The mtDNA and SSR markers generated an inconsistent genetic divergence pattern among these individuals [r = 0.095 (FDR-adjusted p = 0.309) and r = 0.090 (FDR-adjusted p = 0.309)] (Supplementary Figure 7, Supplementary Material: genetic_divergence.zip). In addition, neither of the host genetic divergence patterns possessed a significant correlation with structural and functional variation of gut microbiotas.

Life stage possessed significant Spearman correlations with two α diversity indices (i.e., Shannon and Pielou’s evenness), 16 population-biased taxa, and nine of top 10 (in terms of differences between relative abundances) potential population-biased KEGG pathways (Supplementary Figure 8). Specifically, morphological traits of life stage showed negative correlations with α diversity indices and XZ population-biased taxa and KEGG pathways but positive correlations with TJ population-biased ones. A few significant correlations were detected between population-biased taxa (and KEGG pathways) and five RBT factors (i.e., creatine kinase, aspartate aminotransferase, total protein, globulin, and alkaline phosphatase), though only two of them (i.e., creatine kinase and alkaline phosphatase) manifested a significant correlation with α diversity (Supplementary Figure 8). In addition, between-location difference was detected in creatine kinase and aspartate aminotransferase (Supplementary Tables 1, 6). No significant correlations were detected between RBT factors and life stage factors except creatine kinase (Supplementary Figure 8). Therefore, the gut microbiota discrepancy between populations might mainly result from the significant differences in life stage factors between populations.

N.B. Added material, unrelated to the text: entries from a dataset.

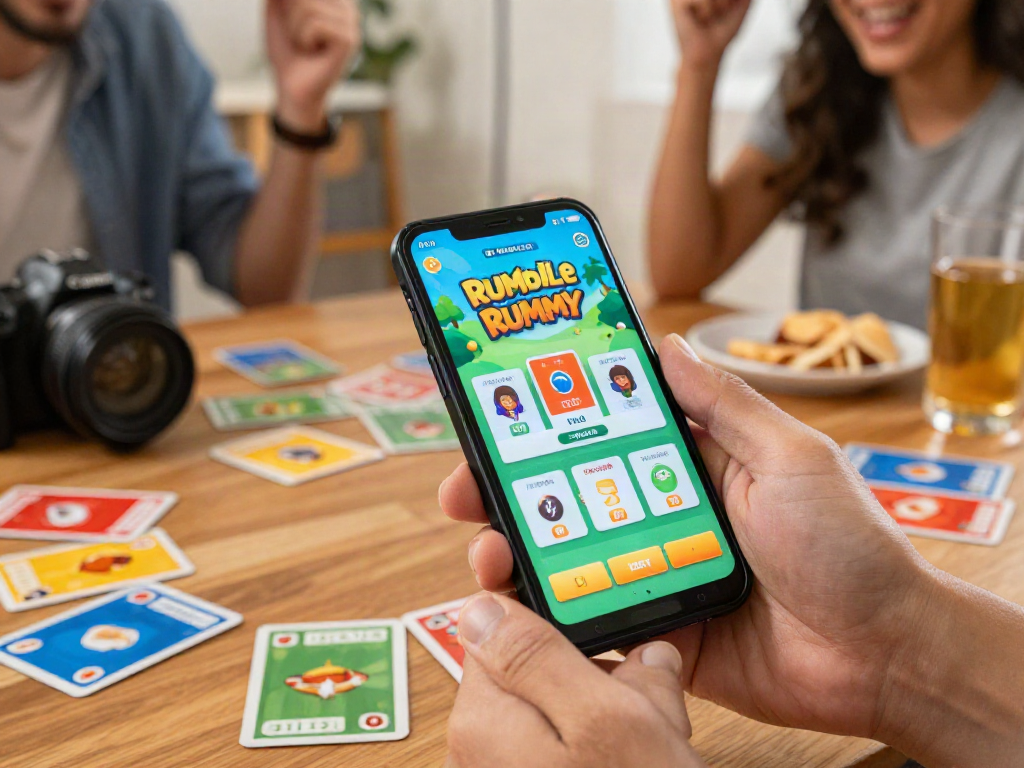 Exciting gameplay on the Rumble Rummy app with friends in a lively atmosphere.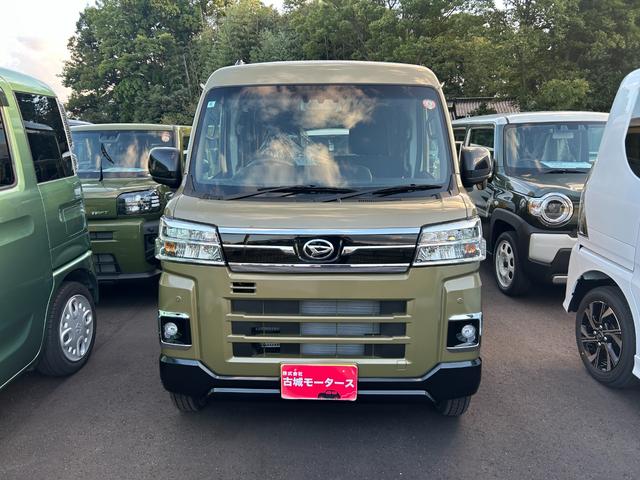 アトレー RS 4WD 届出済未使用車 衝突被害軽減ブレーキ クリアランスソナー 盗難防止システム 両側電動スライドドア オートライト オートエアコン LEDヘッドライト フォグランプ クルーズコントロール(2枚目)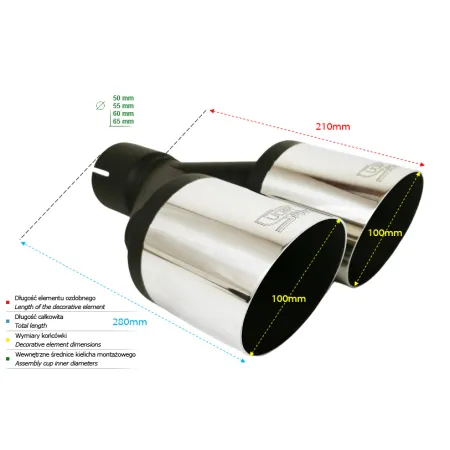 Uniwersalna końcówka tłumika okrągła 100mm długość 200mm średnica montażowa 55mm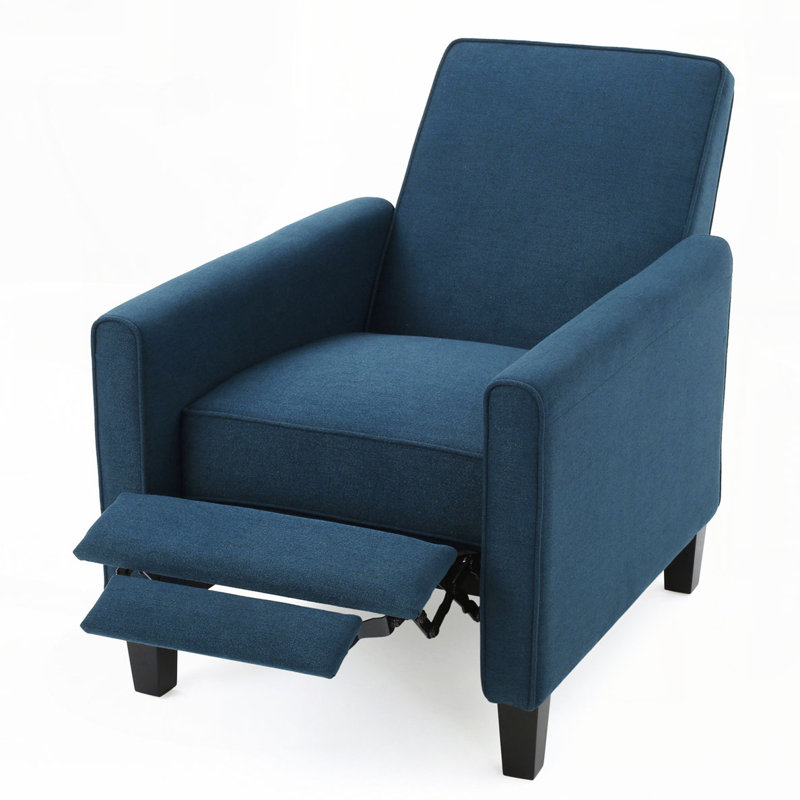 Push Back Manual Recliner Chair, Navy Blue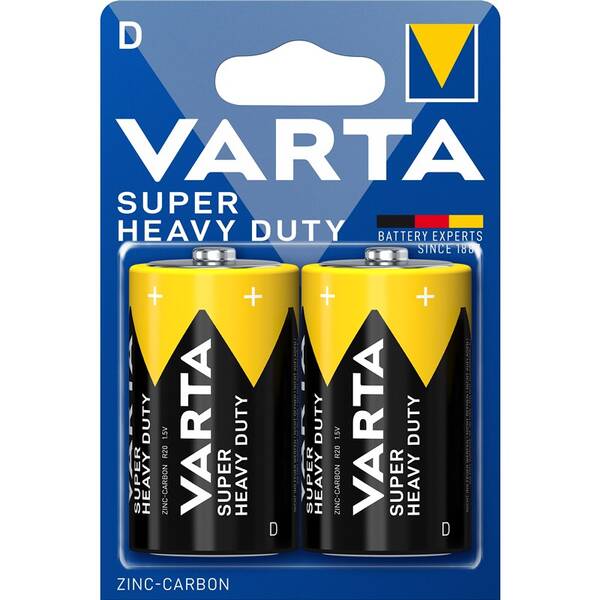 Batérie zinkovo-uhlíková Varta Super Heavy Duty D, R20, blister 2ks 


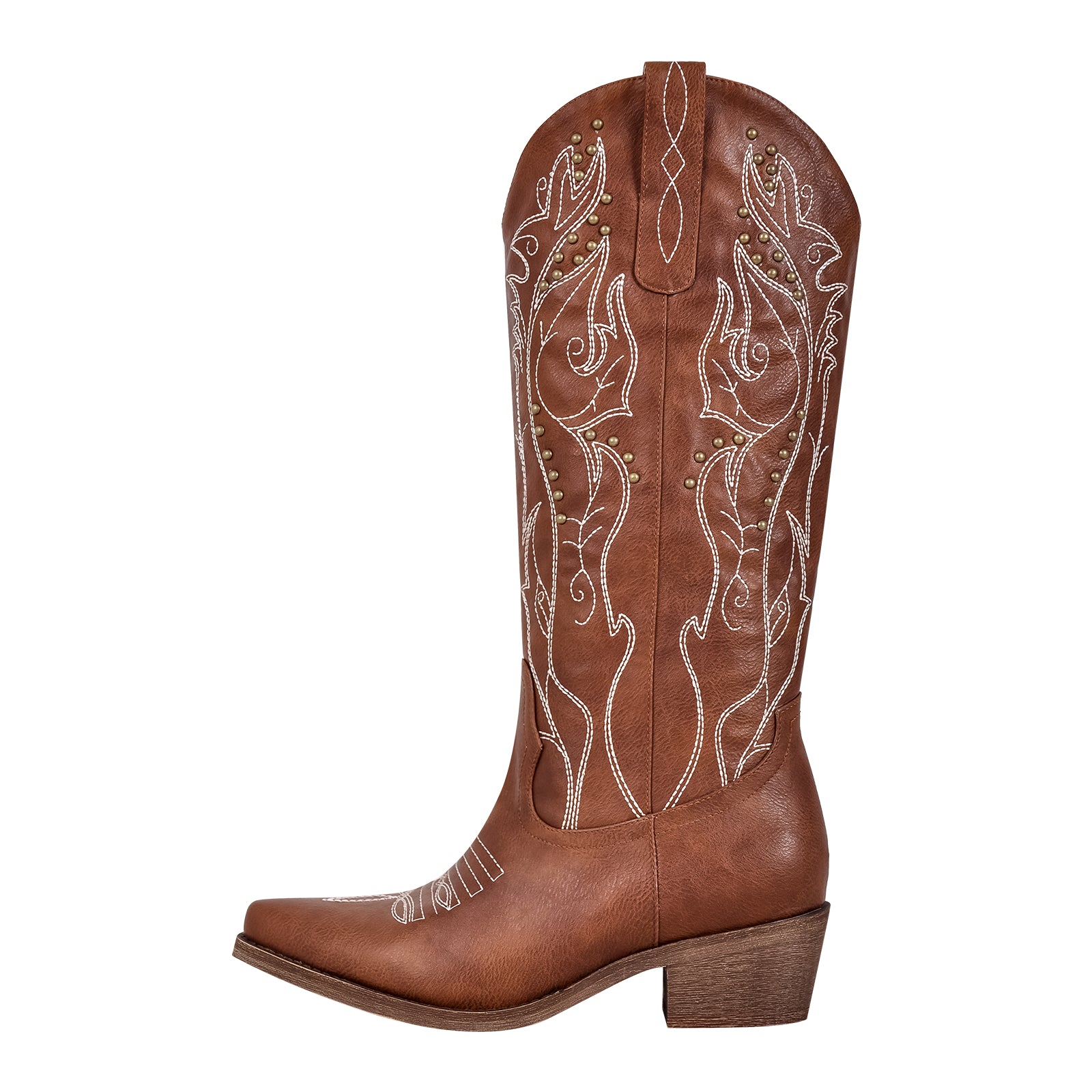 Chunky Heel Western Knee High Embroidery Boots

In RDA analysis, we detected two significant constraint axes (i.e., RDA1 and RDA2) which interpreted 14.09 and 8.23% of gut microbiota variations (Figure 2). The TJ and XZ populations discriminated from each other in RDA1 and RDA2 dimensions. Body length, globulin, and creatine kinase were significantly associated with the gut microbiota variation based on RDA1 and RDA2. We identified three (i.e., OTU1, OTU3, and OTU4) and two OTUs (i.e., OTU6 and OTU68) significantly correlated with RDA1 and RDA2, respectively. However, the gut microbiota variation explained by constrained axes (i.e., 0.302) was much less than that explained by unconstrained axes. This phenomenon was confirmed by VPA results that sex, location, body length, and RBT accounted for 30.33% of gut microbiota variation (Figure 2). In addition to the dominant effect of body length on the variation associated with location, body length was the only one factor to singly explain the variation significantly.

The PLSPM analyses confirmed the significant difference in life stage between two locations (Figure 3). No significant direct path coefficients were detected from location and life stage to α diversity indices. However, a significant direct coefficient probably existed in paths from life stage to compositions of location-biased taxa.

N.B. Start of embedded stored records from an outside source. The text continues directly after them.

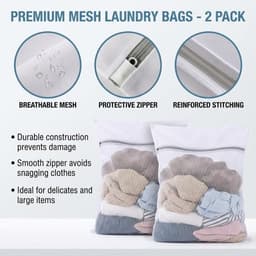 Wasmachine wasnet 60 x 80 cm - Herbruikbaar met rits - Beschermt kleding - Vermindert kleurvermenging - ShopVlot — thumbnail 2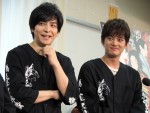 いのうえ歌舞伎『偽義経冥界歌』記者会見に登場した（左から）生田斗真、中山優馬
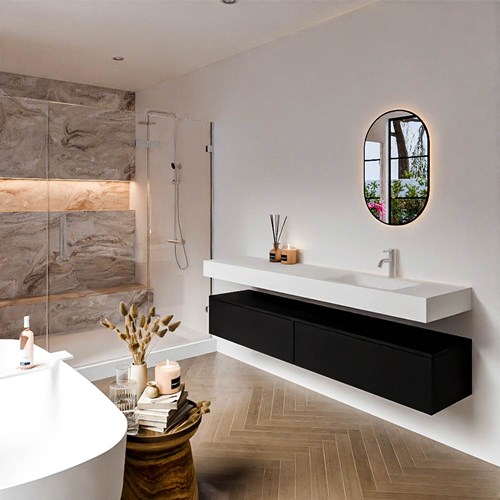 ALAN 190cm mueble de baño Urban 2 cajones. Lavabo suspendido CLOUD Derecho 1 orificio color Talc.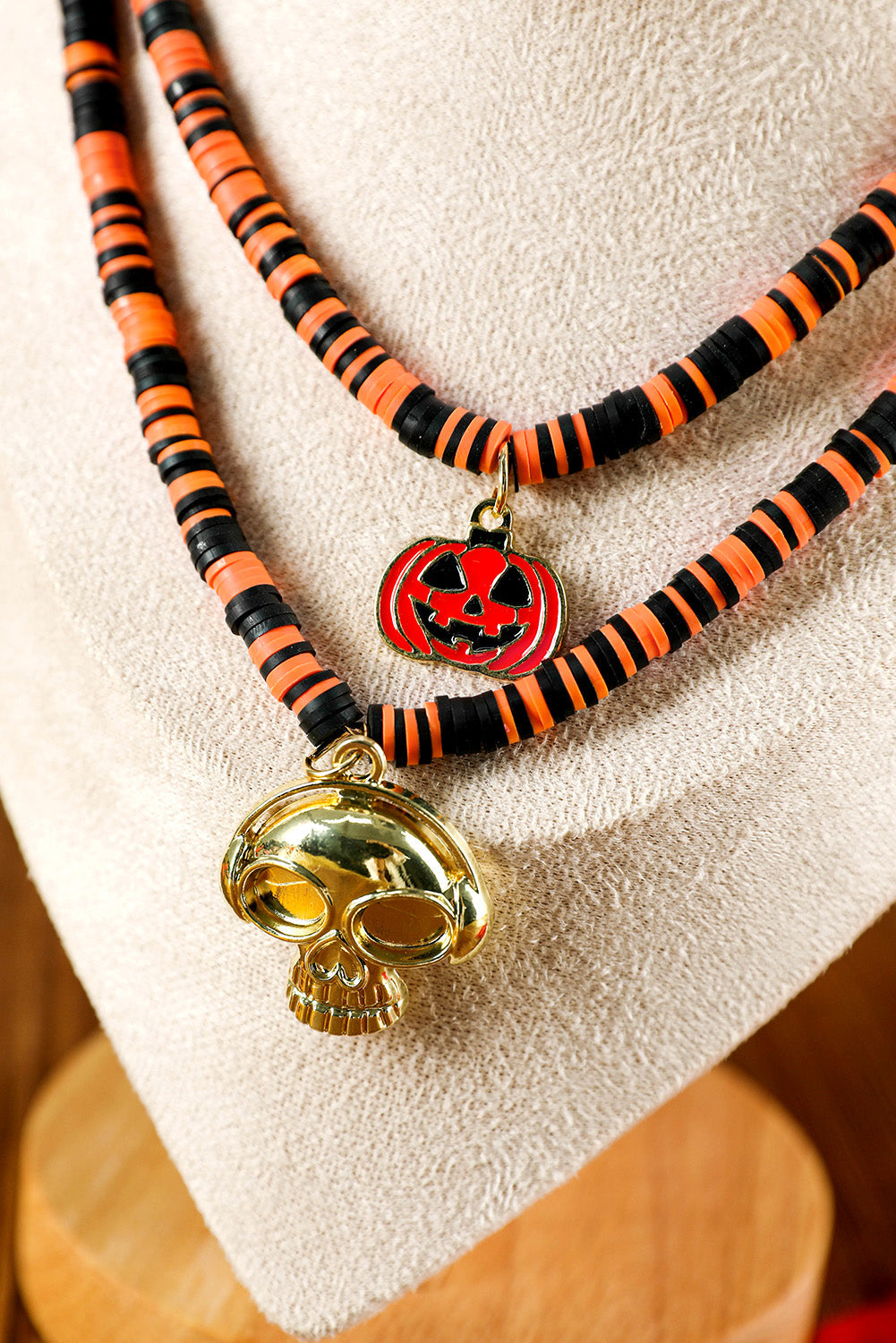 Russet Orange Skull Pumpkin Face Pendant Layered Beaded Halloween Necklace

The OTU co-occurrence networks were significantly different between younger and older groups (Figure 4 and Table 2). Specifically, six network parameters (i.e., edge count, node count, diameter, density, average path length, and normalized betweenness centrality) of the younger group were greater than those of the older group. Five keystone OTUs (i.e., OTU15, OTU33, OTU55, OTU63, and OTU70) were identified in the younger group but none in the older group. From the co-occurrence network of all samples (Figure 4), one keystone OTU (i.e., OTU8) was identified. In addition, we identified three target OTUs (i.e., OTU1, OTU4, and OTU8) associated with life stage (i.e., body length) in co-occurrence network remodeling.